The Carlton man behind Sting's Quadrophenia scooter

Brian Cady brianinatlanta2001 at
Wed Aug 12 10:52:26 UTC 2009

Also from This is Nottingham:

The Carlton man behind Sting's Quadrophenia scooter
Wednesday, August 12, 2009, 08:00

IT'S one of British film's most iconic sequences.

An angry young man, disillusioned with life, steals Sting's scooter and tries to hurtle off a cliff.

But few people know that the man who helped make that sequence possible now lives in Carlton.

Former aircraft engineer William Woodhouse was enlisted to build the silver Vespa that makes the closing scenes of Quadrophenia so memorable.

In reality, William had to assemble five identical Vespas for the stunning shots in which Phil Daniels' character Jimmy veers along the Brighton cliff-tops before his bike hurtles on to the rocks below.

"I had to make one bike without engines to go off the cliff," explained William, 72.

"The filmmakers didn't want the weight because they had to get the bike back. The council wouldn't allow them to leave the wreckage on the beach!"

William's involvement in the film came to light because the Quadrophenia story has been revived in a rock opera, based on The Who album of the same name, which is running at the Royal Concert Hall, Nottingham this week.

Scooter enthusiasts organised a mass ride-out to the Royal Concert Hall yesterday to celebrate the show's arrival and William contacted the venue to ask if he could join them.

After that, he was treated to a showing of the musical.

"It brings back memories of the rallies I used to attend 50 years ago," he said. "I was really looking forward to seeing the stage version of the show.

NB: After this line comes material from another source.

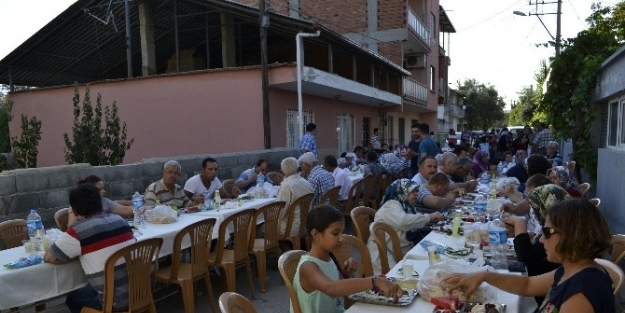 Eski Vekilden Annesi İçin Mevlit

Obviously they couldn't do it the same as the film. All they can do is make a stab at it."

Back in 1977 William was working part time at a scooter shop near the filmmaker's London studios.

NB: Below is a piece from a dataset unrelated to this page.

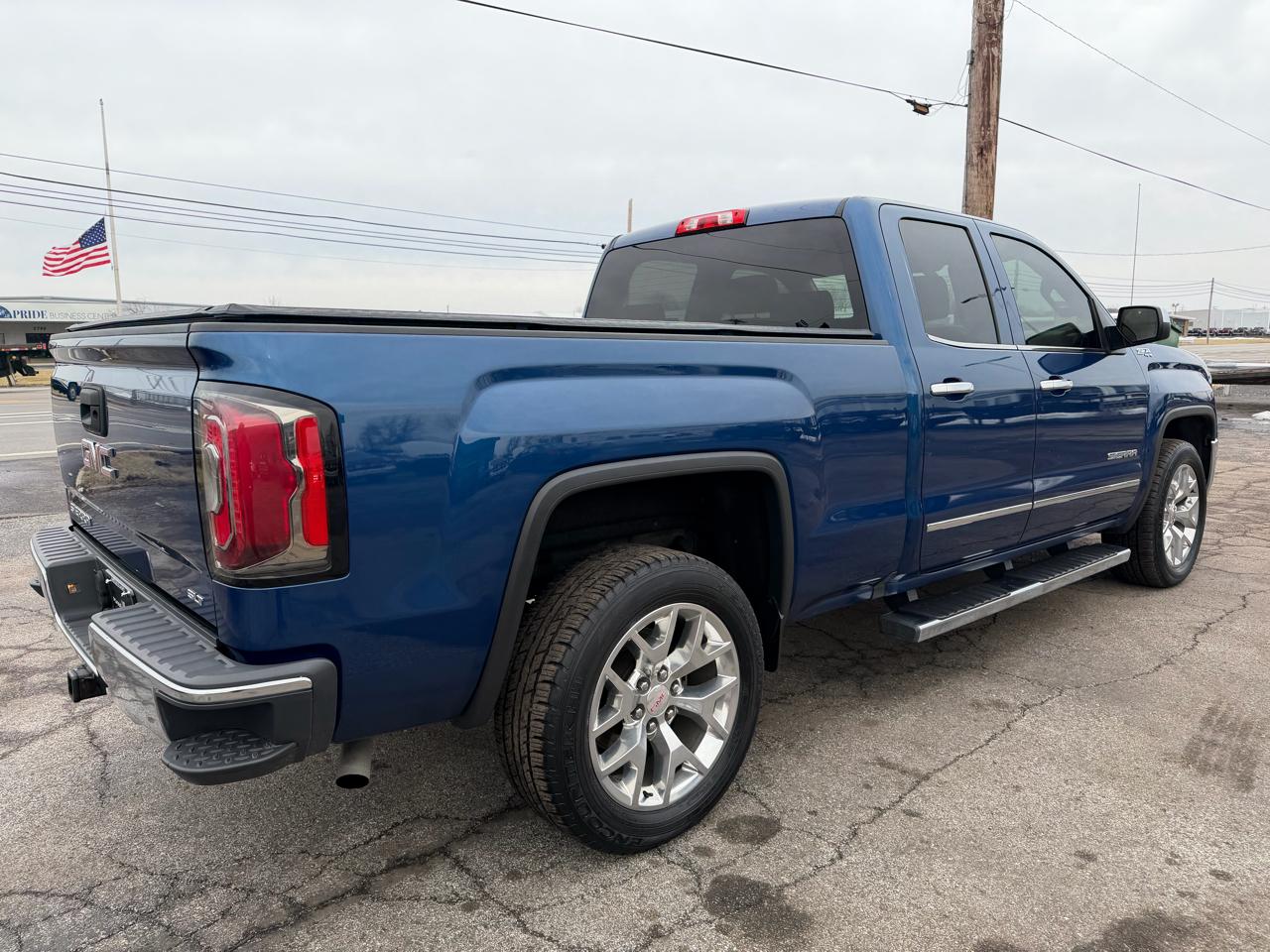 GMC Sierra 1500 4WD Double Cab 143.5" SLT 2017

Initially the filmmakers contacted him to see if they could get hold of a Vespa 160 but William advised them it would be too difficult to track down five such identical bikes.

"They only made a few of them before that model was superceded by a different one," he explained.

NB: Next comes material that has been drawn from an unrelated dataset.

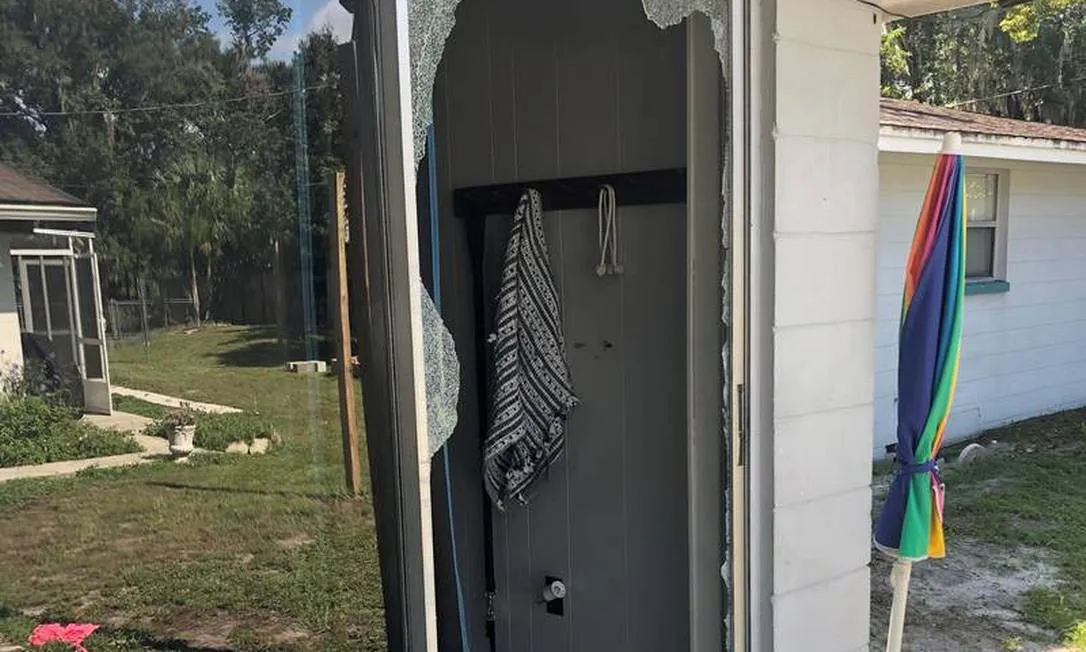 Assassino invadiu uma zona residencial armado e disparou contra uma família | Foto: Reprodução | Escritório do Xerife do Condado de Polk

Instead, he suggested getting five modern Vespas and redesigning them to make them look vintage.

It took him two weeks to find all the parts.

"We had lots of trouble hunting around dealers finding the mirrors and lights. You had to find five sets that all looked the same," he recalled.

He decided to paint the bikes silver because the original was white and he feared white paint wouldn't hide the bright colours of the other bikes.

He also dreamed up the mysterious VCB 160 number-plate which sparked much debate among the film's fans.

"I was in the Vespa Club of Britain. That's the reason I put its initials on there: I was just advertising the Vespa Club for free!" he explained. "And the original bike they wanted was a Vespa 160 which is where the numbers came from. All the film's fans thought the numbers had a special meaning behind them."

William can't remember how much he was paid for the job.

Despite the film's enduring popularity, he says he thought it was a bit "over the top". "I never thought people would still be talking about that scene 30 years on," he said.

William trained as an engineer with the Royal Navy in 1953. He then moved to Heathrow as an aircraft engineer and even worked on Concorde. His love of Vespas arose because the bike's Italian manufacturers applied aircraft technology to scooters. William has attended Vespa rallies all over the world and, in 1967, he rode to Moscow and back on a Vespa. In 1997 he was part of the team that worked on Thrust, the jet-engined British supersonic car that broke the sound barrier.

At one stage he owned as many as nine bikes.

 -Brian in Atlanta
The Who This Month!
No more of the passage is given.